Dans son arrêt rendu le 14 octobre 2021, la Cour de cassation rappelle au visa des articles 29 et 31 de la loi n° 85-677 du 5 juillet 1985, L. 434-1 et L. 434-2 du code de la sécurité sociale que la rente versée à la victime d'un accident du travail indemnise, d'une part, les pertes de gains professionnels futurs et l'incidence professionnelle de l'incapacité et, d'autre part, le déficit fonctionnel permanent.

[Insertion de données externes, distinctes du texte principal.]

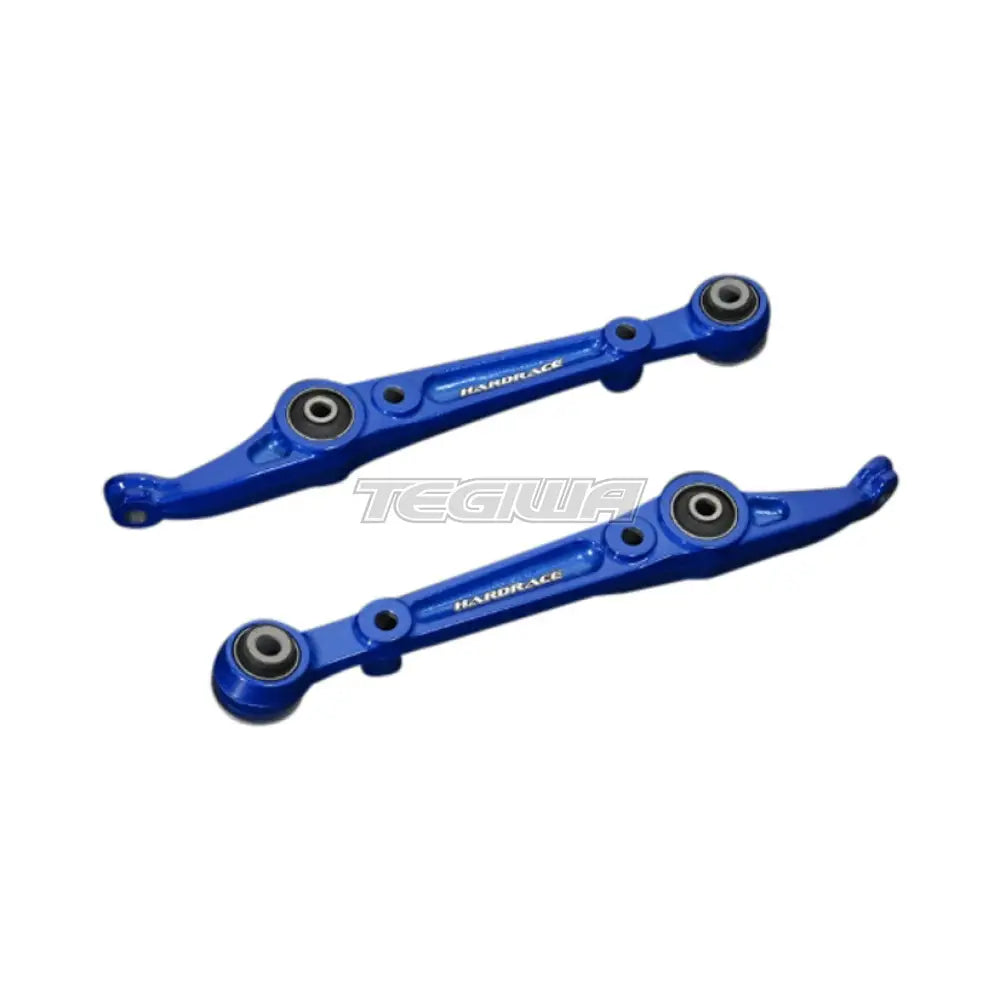 Hardrace Front Lower Control Arm With Hardened Rubber Bushes 2Pc Set Honda Civic EK USDM 96-00 Camber & Control Arms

Voir dans le même sens les arrêts prononcés par la chambre criminelle de la Cour de Cassation le 19 mai 2009 et par la 2ème chambre civile les 11 juin 2009 et 19 novembre 2009 (Cass. 2ème civ. 11 juin 2009 (pourvoi n°08-16089) ; Cass. 2ème civ. 11 juin 2009 (pourvoi n°08-17581) ; Cass. 2ème civ. 11 juin 2009 (pourvoi n°07-21768) ; Cass. 2ème civ. 19 novembre 2009 (pourvoi n°08-18019)).
Dans cet arrêt, la 2ème Chambre Civile précise que la rente accident du travail, qui répare un préjudice permanent, quand bien même son versement aurait commencé avant la date de consolidation retenue par le juge, ne pouvait être imputée sur ce poste de préjudice patrimonial temporaire.
Par ailleurs, la Cour suprême casse également l’arrêt d’appel, s’agissant du rejet des pertes de gains professionnels futurs, pour insuffisance de motif au visa de l’article 455 du code de procédure civile.
En effet, les premiers juges lui ayant alloué la somme de 5.620 euros correspondant à sa perte de salaire sur l’année 2014, la cour d’appel se devait d’analyser les pièces versées aux débats par la victime.